-- RECORDS FOR THE TASK follows --

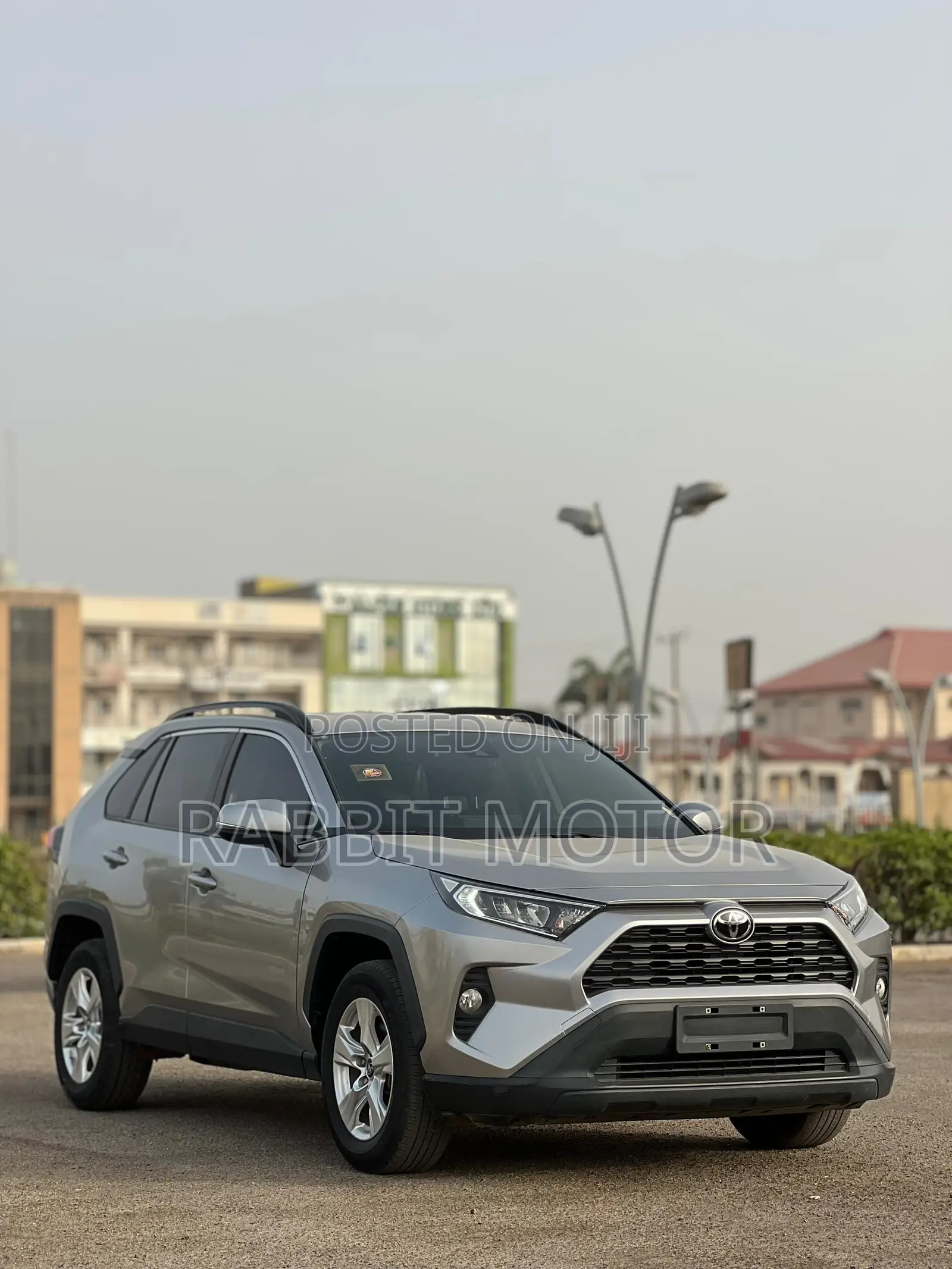 Toyota RAV4 2021 Silver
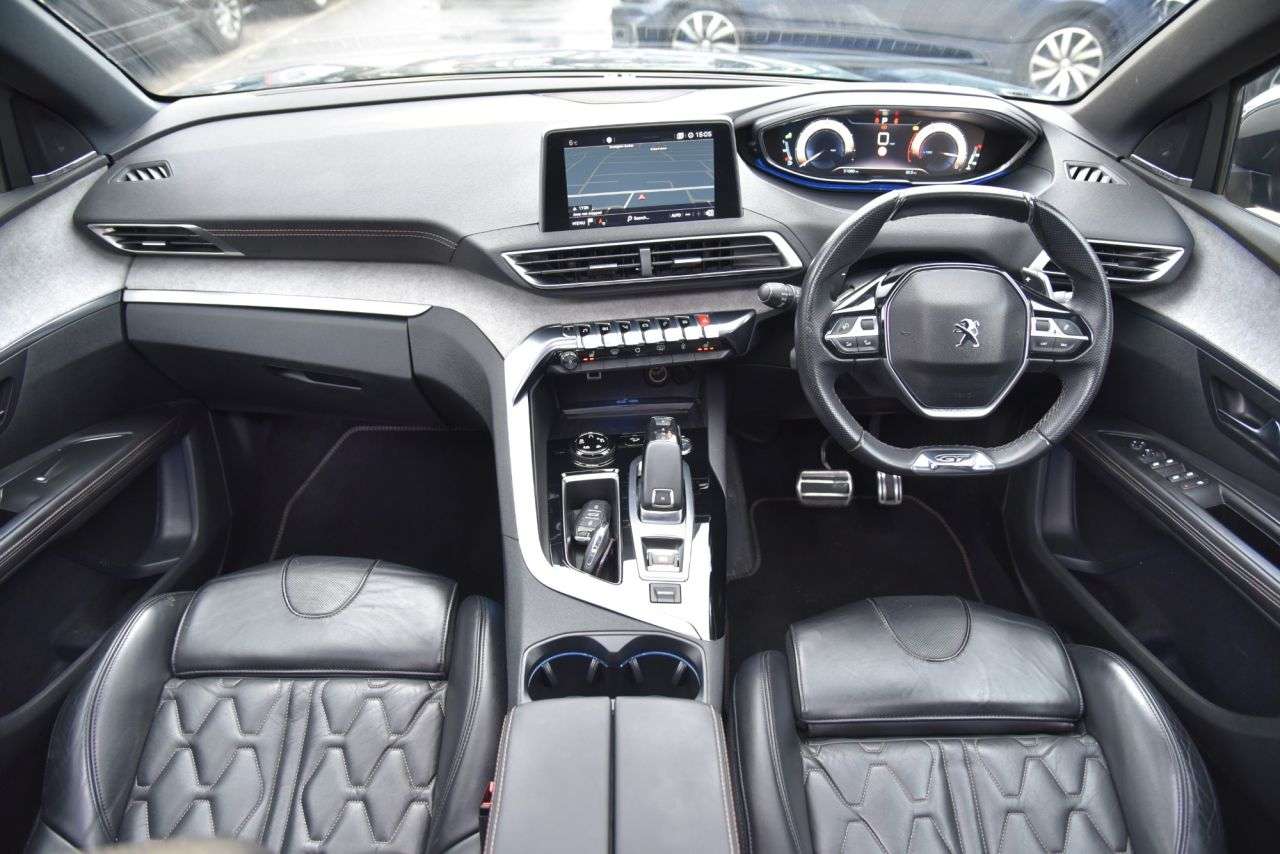 2018 PEUGEOT 5008 2018 PEUGEOT 5008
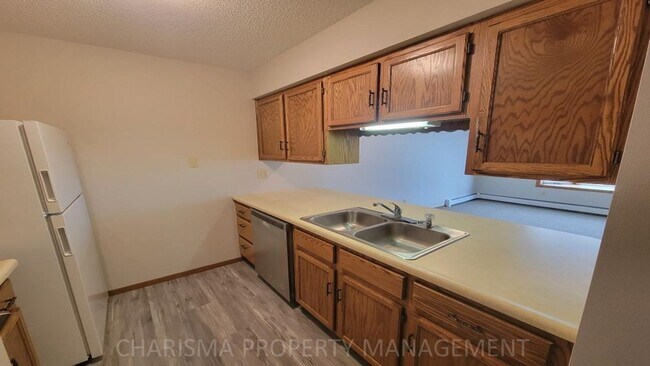 Building Photo - NEWLY UPDATED 1 BD, 1 BA UNITS LOCATED IN ...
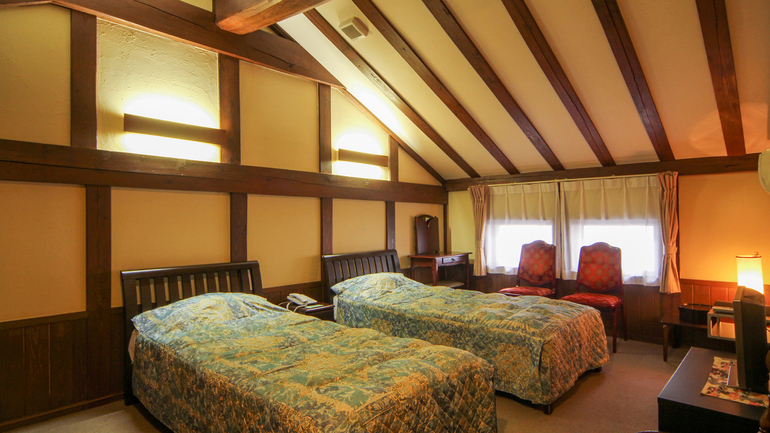 #客室一例_洋室ツイン_天井に傾斜があり、和風旅館の中で山小屋風の洋室です♪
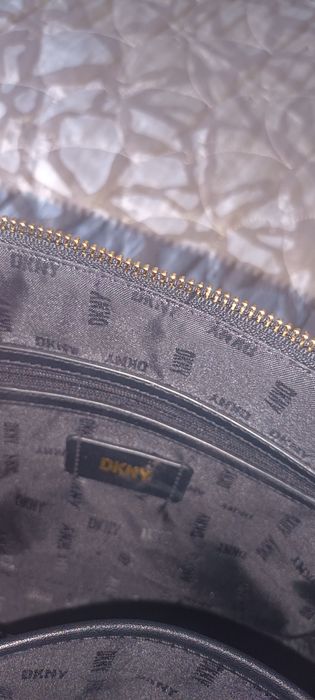 Черна кожена чанта на DKNY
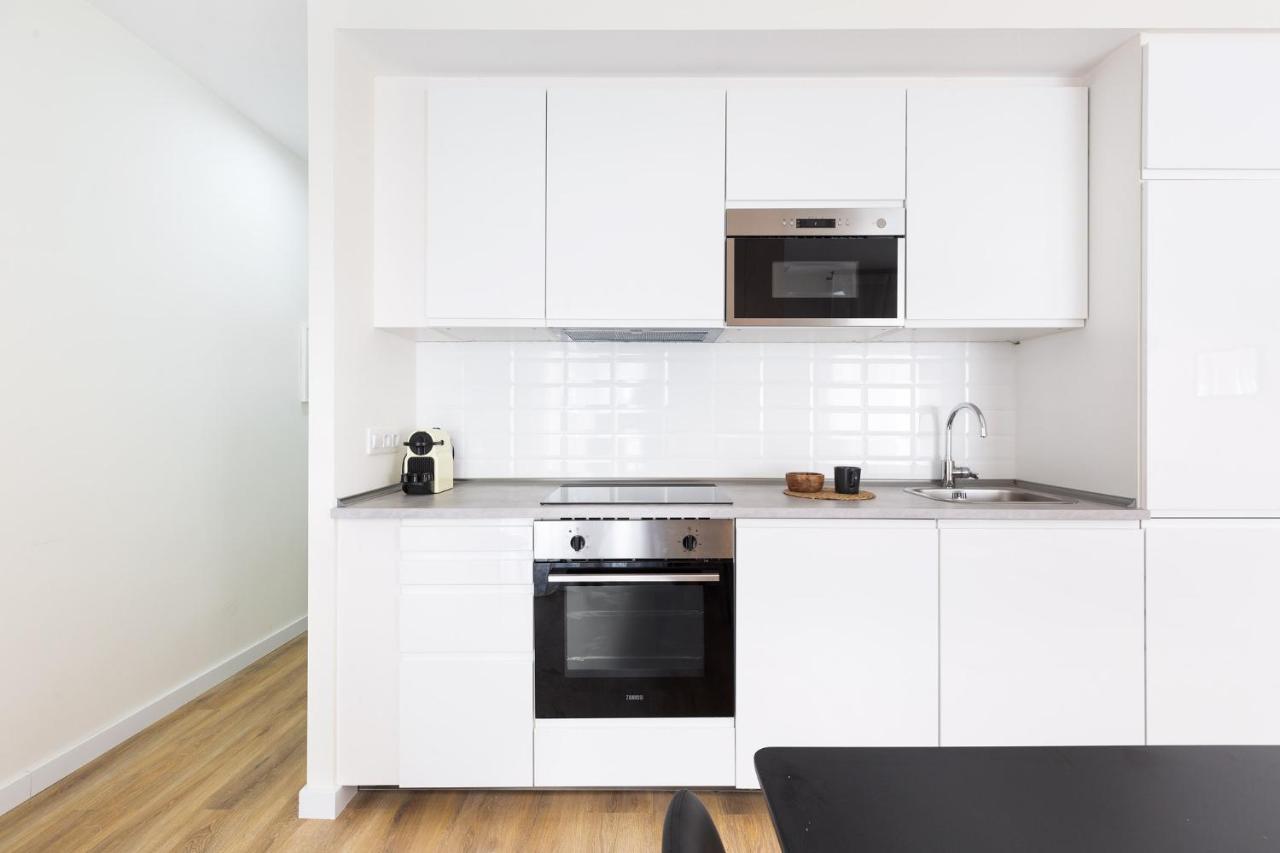 Urban Chill Apartments By Olala Homes Оспиталет де Лобрегат Екстериор снимка
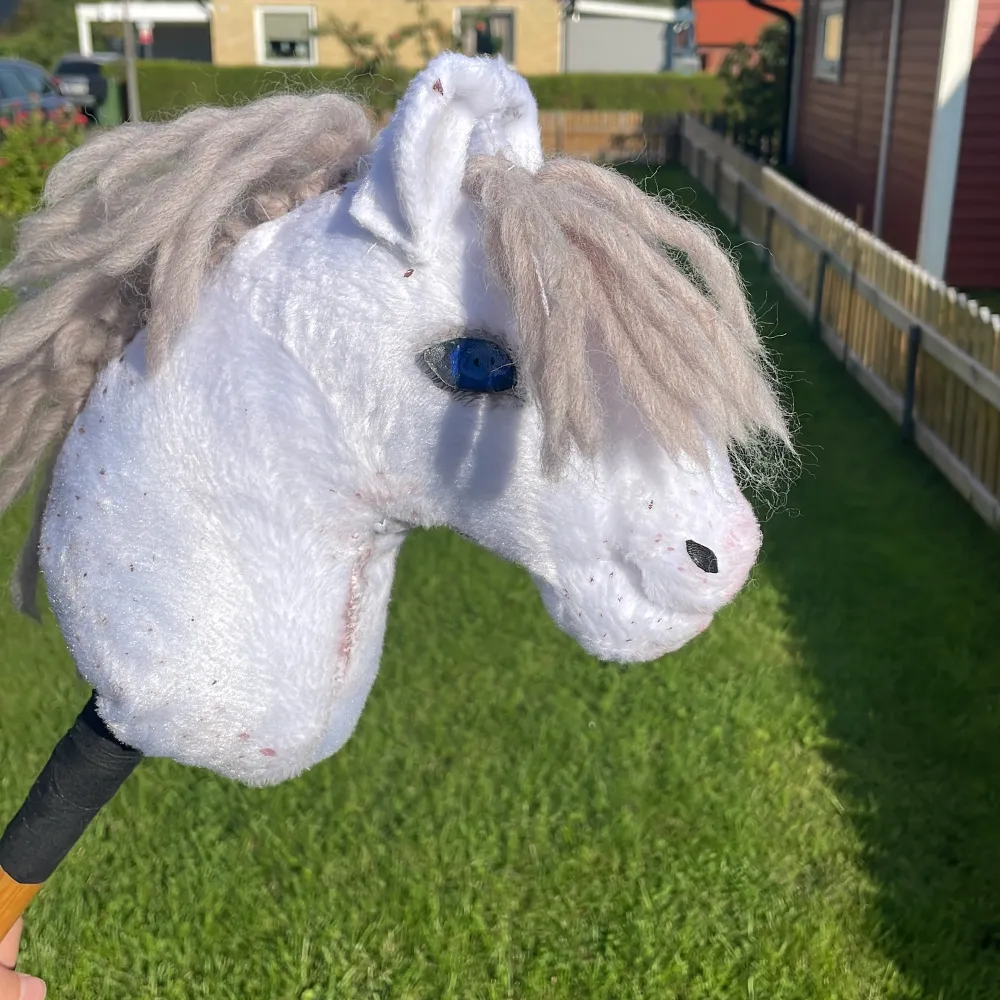 Vi säljer en vit käpphäst med några prickar !den är skuggad och är ett sto! Den är namnlös . Övrigt.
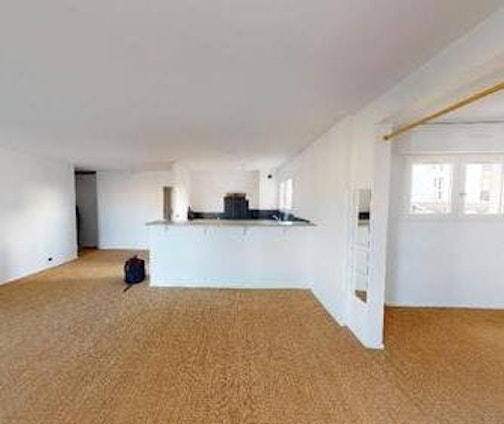 <p>78 500 € de travaux | 15 600 € d'ameublement</p><p id="">La rénovation se divise entre ce qui est visible et ce qui se cache sous le capot de l’appartement. Ce qu’on ne voit pas, mais qui est important, c’est évidemment le circuit électrique qui a souvent tendance à être dépassé. Côté visible, les espaces sont redistribués : la cuisine modernisée se déplace de l’autre côté de la cloison, dans le salon et laisse place à la nouvelle chambre. </p><p id="">Dans l’espace mystérieux, une cloison remplace le rideau, pour arriver à notre configuration préférée : 4 chambres, grand salon et cuisine ouverte, mélange parfait de convivialité et d’intimité pour chaque locataire. Enfin, qui dit quatre chambres dit deux salles de bain : on en créée donc une nouvelle en même temps qu’on rénove l’ancienne. Les sols et la peinture sont intégralement repris pour refléter la transformation que vient de subir l'appartement.</p><p id="">Dernière étape avant mise en location et recherche des locataires : équipement, ameublement et décoration pour créer un supplément d'âme dans les chambres et les espaces communs.</p>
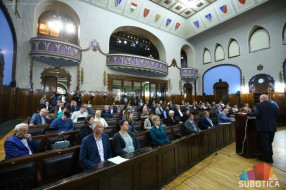 Pozorište, hala za hokej, vrtići, kuhinja za decu, sanacija deponije - investicioni prioriteti u gradskom budžetu za 2024. godinu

-- RECORDS FOR THE TASK concluded --

Working from the entries above, please transcribe only the lines from the line with "Building Photo - NEWLY" through the line with "Vi säljer en", exactly, with both end lines and without pictures.

• _ANSWER TO THIS PROBLEM_
 Building Photo - NEWLY UPDATED 1 BD, 1 BA UNITS LOCATED IN ...
 #客室一例_洋室ツイン_天井に傾斜があり、和風旅館の中で山小屋風の洋室です♪
 Черна кожена чанта на DKNY
 Urban Chill Apartments By Olala Homes Оспиталет де Лобрегат Екстериор снимка
 Vi säljer en vit käpphäst med några prickar !den är skuggad och är ett sto! Den är namnlös . Övrigt.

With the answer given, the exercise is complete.